WORK TO COMPLETE
Please reproduce the entries exactly as they appear below, but not the pictures.

--- START ---

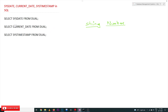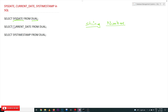Coming to this class, we will try to understand some basic system date functions. We have SYSDATE, and these functions can be used with the DUAL table, which is a default table available in the Oracle database. Using this DUAL table, without creating a separate table, we can execute all the SQL system functions.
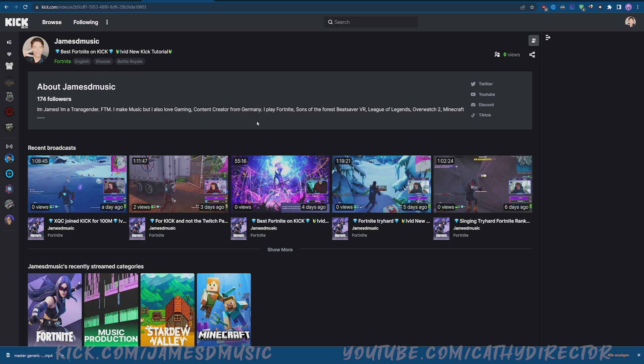Also go follow me on Kick.com, it's JamesDMusic. I would appreciate it and hope to see you there. If you have any questions, let me know in the comments. Check out my other videos - a link to a Kick tutorial playlist is in the description. I hope I see you next time, bye bye.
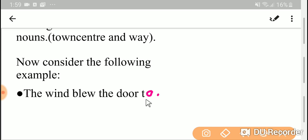Look at the 'too'. Here, 'too' doesn't have any object. That is, an adverb never takes an object after it, but a preposition must take an object after it.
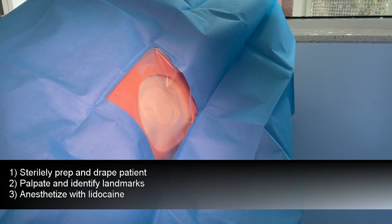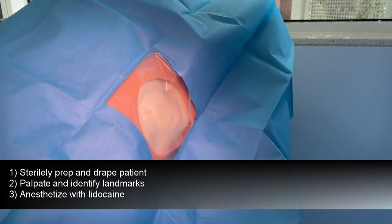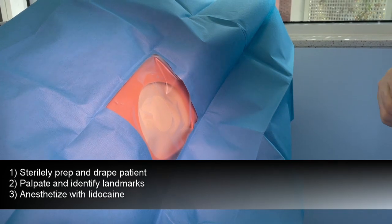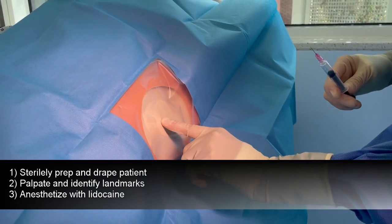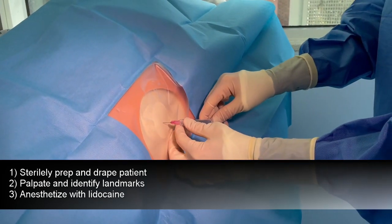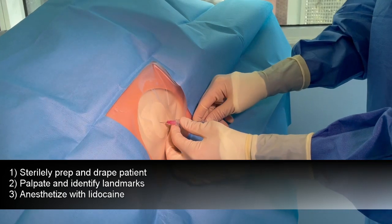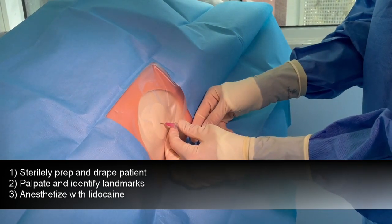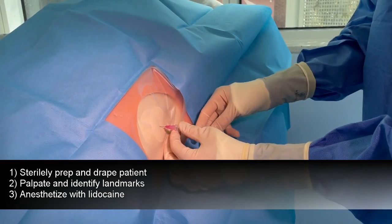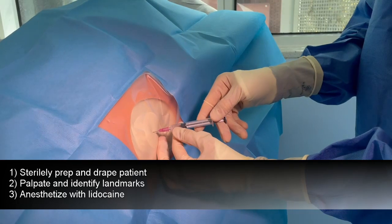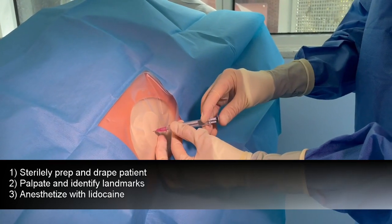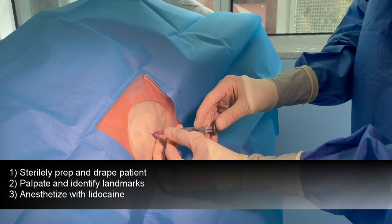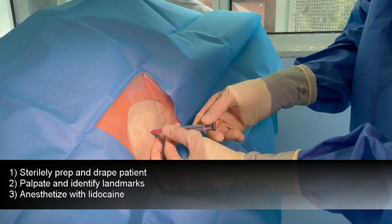First, sterilely prep the patient and drape. Then anesthetize in the appropriate anatomic location over through the skin, then down to the rib, and then over your tract just over the rib.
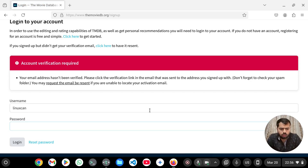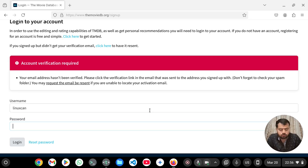Now I have to verify my email ID. I just got an email and I have clicked activate my account.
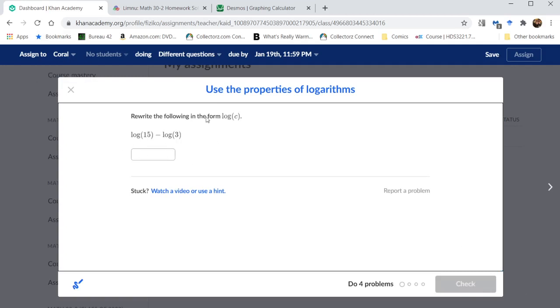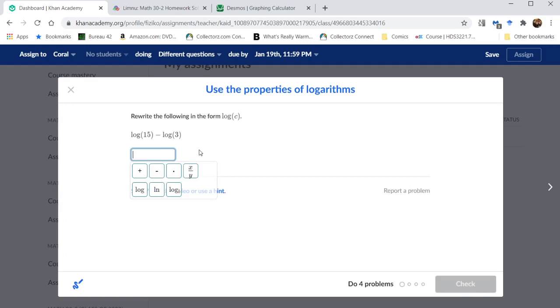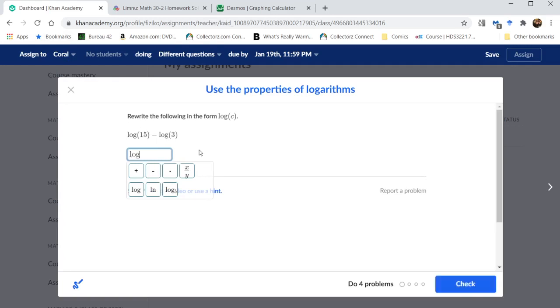So here we have two logarithms being subtracted, so that is the quotient rule. 15 divided by 3 is 5.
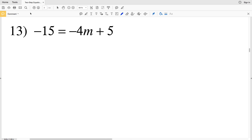In this video we're finishing the two-step equation worksheet on CUDA software. I'll leave a link in the description below so you know how to access that free worksheet. Before we get started, don't forget to click the subscribe button so that you're updated when I post new videos.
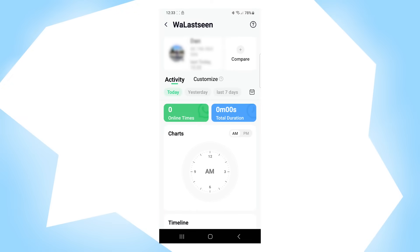Hi and welcome back to GSM ABC. Today I'm going to show you the best app to monitor WhatsApp activity with all the tools needed, named Walli Zinn from Wondershare. Without further ado, let's dive right in.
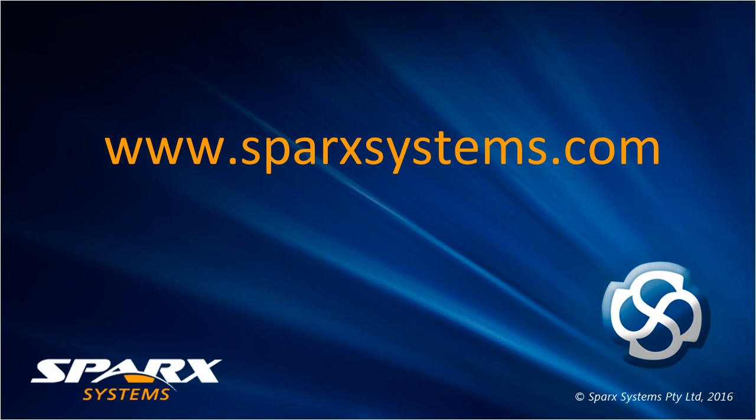To learn more about Enterprise Architect 13 or model chat facilities, visit www.sparksystems.com.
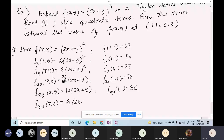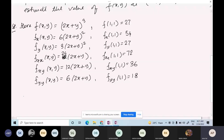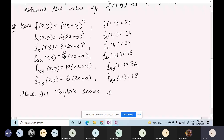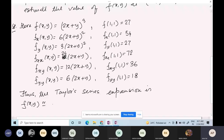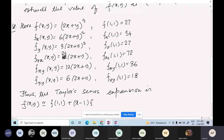fyy(x,y) = 6(2x+y), so fyy(1,1) = 18. We have to go till quadratic terms so we have obtained these values. Now we will write the Taylor series expansion. f(x,y) ≈ f(1,1) + (x−1)fx(1,1) + (y−1)fy(1,1) + (1/2!)[(x−1)² fxx(1,1) + 2(x−1)(y−1)fxy(1,1) + (y−1)² fyy(1,1)].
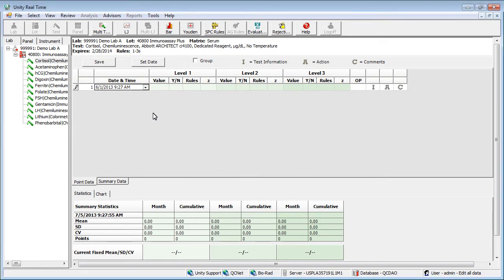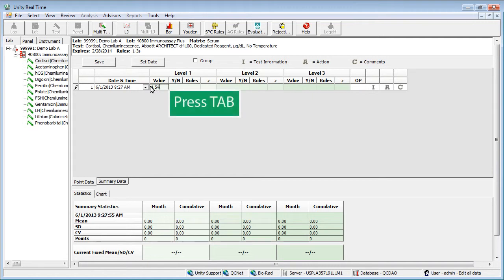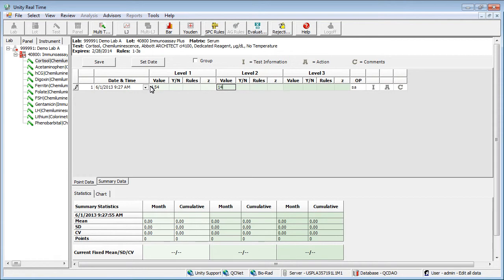Enter your first value. Press Tab to move to the next field. Continue to enter the remaining data, pressing Tab to move to the next field.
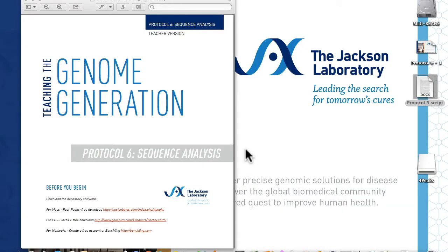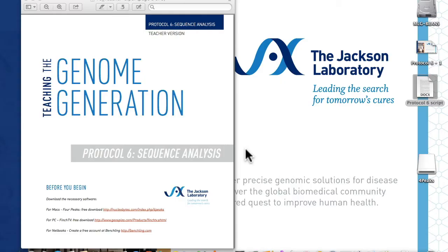Before you begin, download the sequence viewing software appropriate for your computing system. In this example, I am using a Mac, so we have recommended using a Mac-based program called 4Peaks. Check the protocol for our suggestions for PC, tablets, and netbooks, and consult your IT department for your institution's installation procedures.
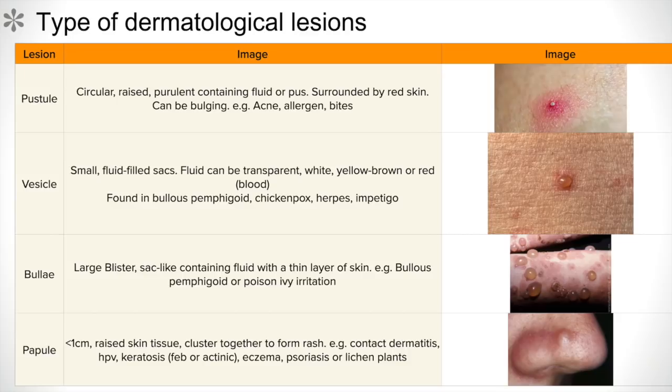Then we have vesicles, which are small fluid-filled sacs. The fluid can be transparent, white, yellow, brown, or red. They can be found in bullous pemphigoid, chickenpox, herpes, and impetigo, just to name a few.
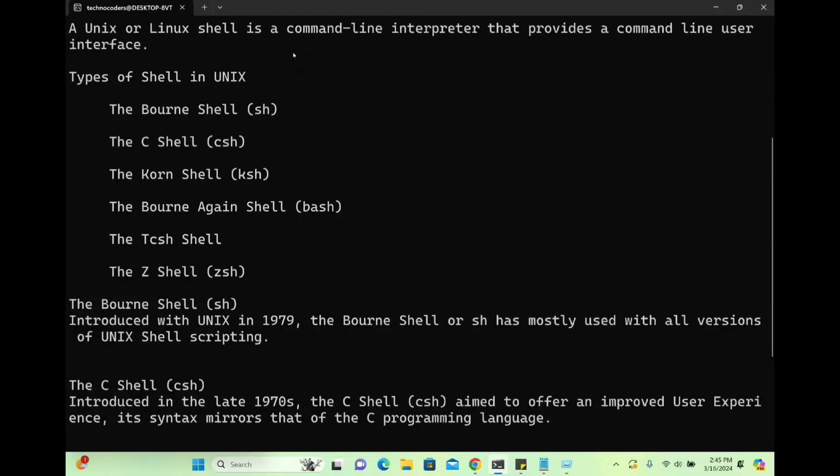Hi everyone, welcome back to TechnoCoders. In this session you will be learning about the different types of shell in Unix or Linux, and all your doubts related to shell scripting will be clear today.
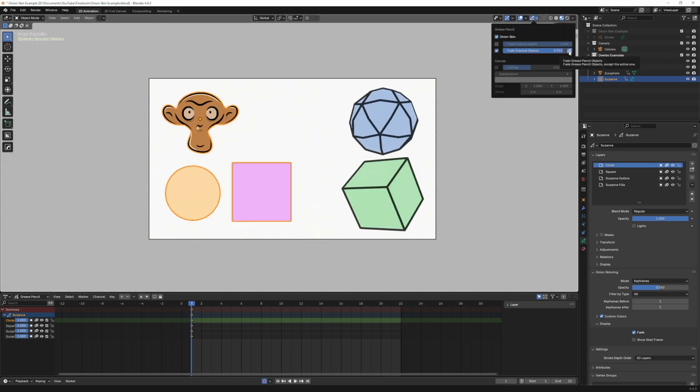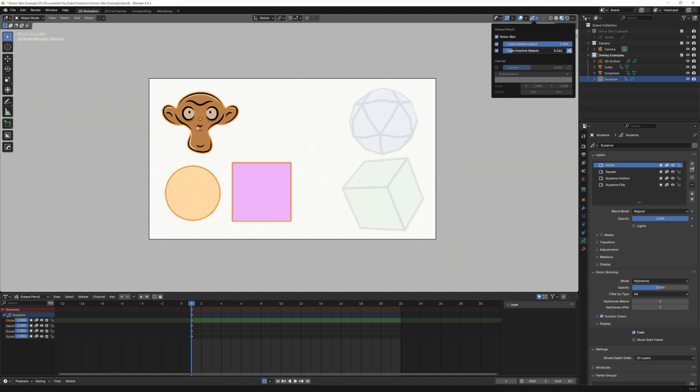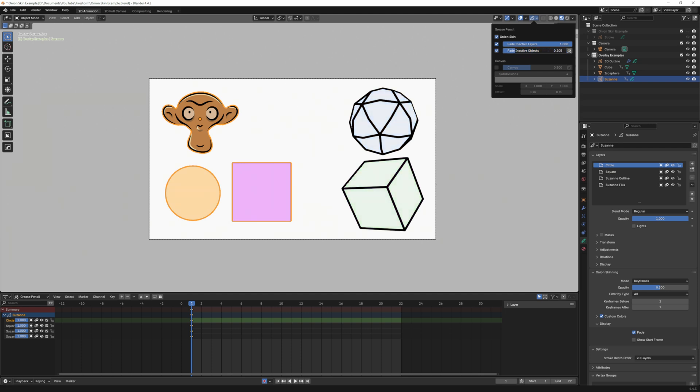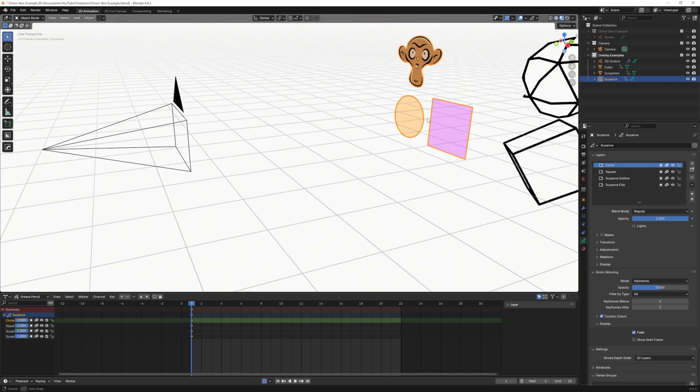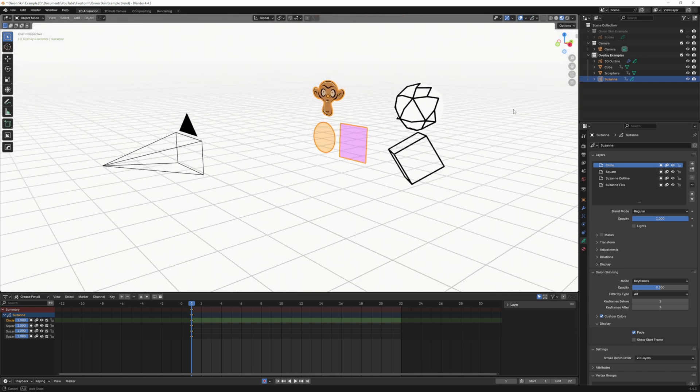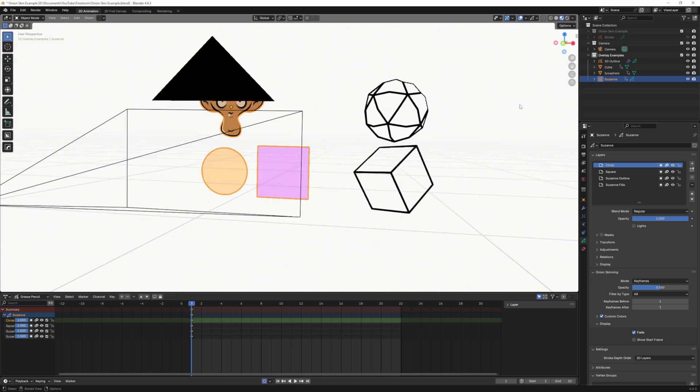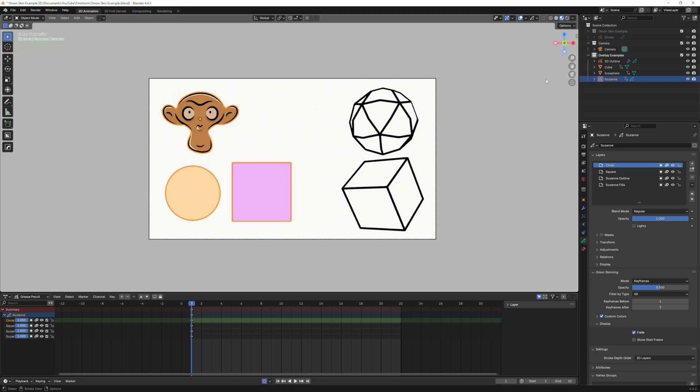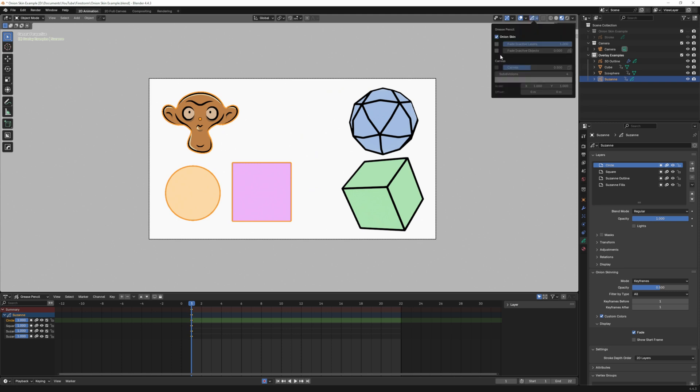This little toggle right here is the fade grease pencil objects. With that on and I bring this down the line art around those 3D objects are disappearing as well. But if I turn that off and bring this down the line art remains the same but the actual 3D object fades out. If I again circle my scene you can see the objects aren't showing but the line art remains.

--- END ---

SOLUTION FOR THIS PROBLEM
Coming to this class, we will try to understand some basic system date functions. We have SYSDATE, and these functions can be used with the DUAL table, which is a default table available in the Oracle database. Using this DUAL table, without creating a separate table, we can execute all the SQL system functions.
Also go follow me on Kick.com, it's JamesDMusic. I would appreciate it and hope to see you there. If you have any questions, let me know in the comments. Check out my other videos - a link to a Kick tutorial playlist is in the description. I hope I see you next time, bye bye.
Look at the 'too'. Here, 'too' doesn't have any object. That is, an adverb never takes an object after it, but a preposition must take an object after it.
First, sterilely prep the patient and drape. Then anesthetize in the appropriate anatomic location over through the skin, then down to the rib, and then over your tract just over the rib.
Now I have to verify my email ID. I just got an email and I have clicked activate my account.
So here we have two logarithms being subtracted, so that is the quotient rule. 15 divided by 3 is 5.
In this video we're finishing the two-step equation worksheet on CUDA software. I'll leave a link in the description below so you know how to access that free worksheet. Before we get started, don't forget to click the subscribe button so that you're updated when I post new videos.
Hi and welcome back to GSM ABC. Today I'm going to show you the best app to monitor WhatsApp activity with all the tools needed, named Walli Zinn from Wondershare. Without further ado, let's dive right in.
To learn more about Enterprise Architect 13 or model chat facilities, visit www.sparksystems.com.
fyy(x,y) = 6(2x+y), so fyy(1,1) = 18. We have to go till quadratic terms so we have obtained these values. Now we will write the Taylor series expansion. f(x,y) ≈ f(1,1) + (x−1)fx(1,1) + (y−1)fy(1,1) + (1/2!)[(x−1)² fxx(1,1) + 2(x−1)(y−1)fxy(1,1) + (y−1)² fyy(1,1)].
Enter your first value. Press Tab to move to the next field. Continue to enter the remaining data, pressing Tab to move to the next field.
Before you begin, download the sequence viewing software appropriate for your computing system. In this example, I am using a Mac, so we have recommended using a Mac-based program called 4Peaks. Check the protocol for our suggestions for PC, tablets, and netbooks, and consult your IT department for your institution's installation procedures.
Then we have vesicles, which are small fluid-filled sacs. The fluid can be transparent, white, yellow, brown, or red. They can be found in bullous pemphigoid, chickenpox, herpes, and impetigo, just to name a few.
Hi everyone, welcome back to TechnoCoders. In this session you will be learning about the different types of shell in Unix or Linux, and all your doubts related to shell scripting will be clear today.
This little toggle right here is the fade grease pencil objects. With that on and I bring this down the line art around those 3D objects are disappearing as well. But if I turn that off and bring this down the line art remains the same but the actual 3D object fades out. If I again circle my scene you can see the objects aren't showing but the line art remains.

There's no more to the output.